Over all though, I really like it. I like that can save documents to dropbox, I can open iCloud documents and basically it gives me a lot of flexibility. Something that is all to often missing in iOS and the apps available for it. For this reason, and a few others that more personal preferance, I think I will come to like this app very much.

This largest hurdle to overcome has been the markdown itself. As I am not used to using markdown, as such, it has been a case of trial end error.

Test from imgur

The above image is one I posted on Instagram a long time ago, and is only being used to test image support in ByWord and to see how well it shows up in Blogger.

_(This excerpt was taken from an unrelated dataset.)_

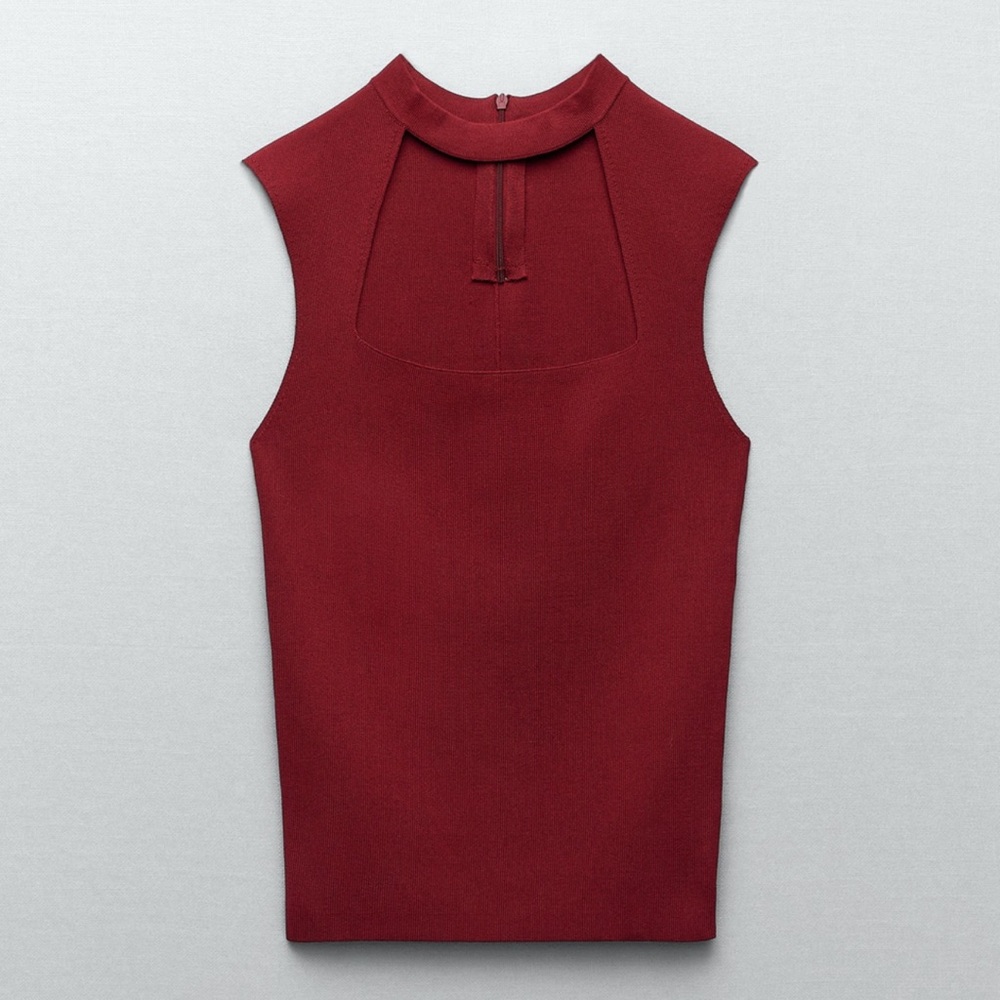 SQUARE NECK KNIT TOP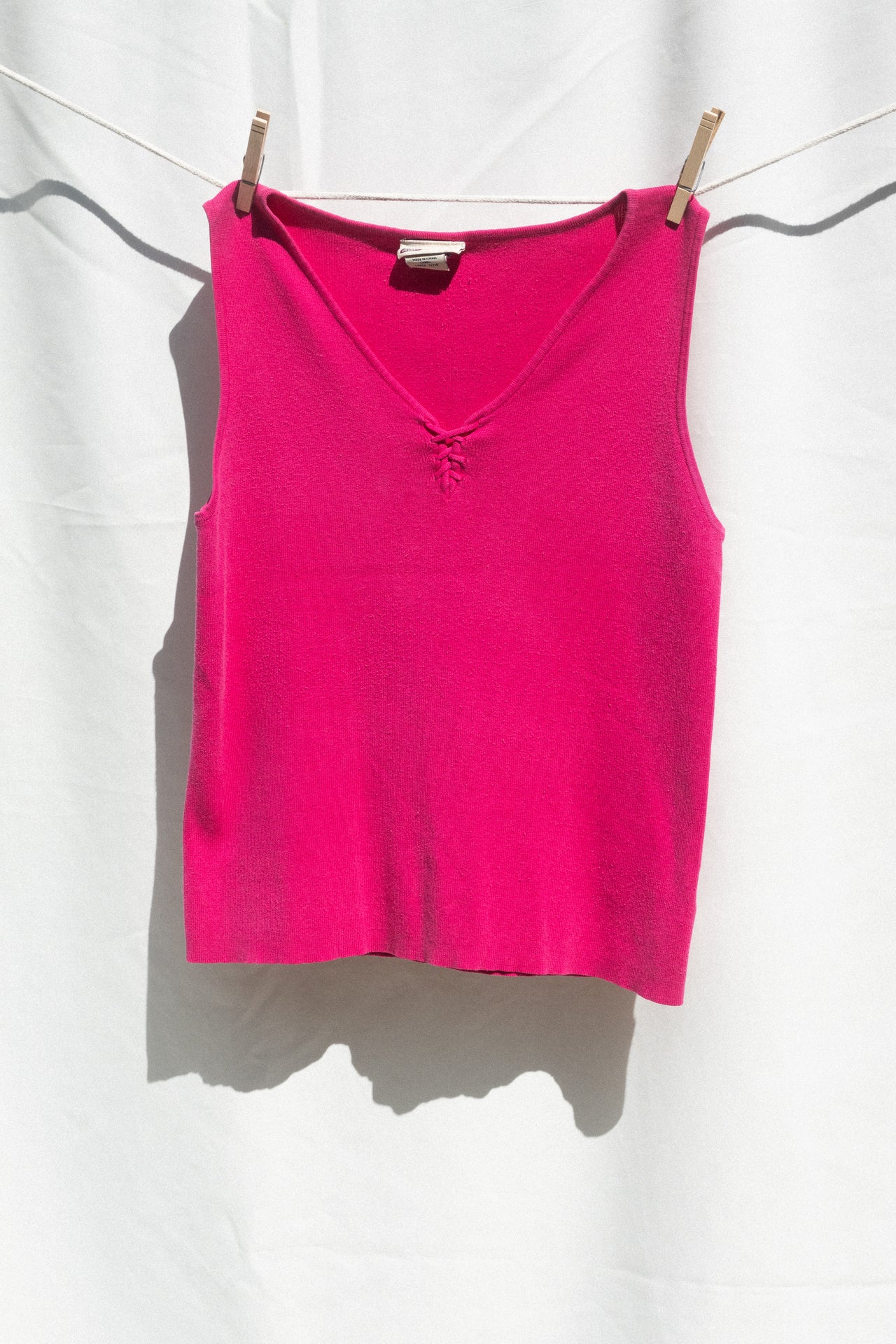 Hot Pink Knit Tank Top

The one thing I wish Byword did offer, was a way to publish as a draft to Blogger. Although, I probably would be doing that now instead of learning to get the Markdown correct before publishing. Still, it would be a nice feature.

I have also discovered that by using the “eject key” on my keyboard (a standard Apple Bluetooth) I can bring up a menu at the top, and there is an option to preview the Markdown before publishing. A great addition. So, as I said before, the interface has a learning curve, but it is meant to be spartan.

All in all though, the clean interface allows me to concentrate more on writing and less on formatting, which I like a lot.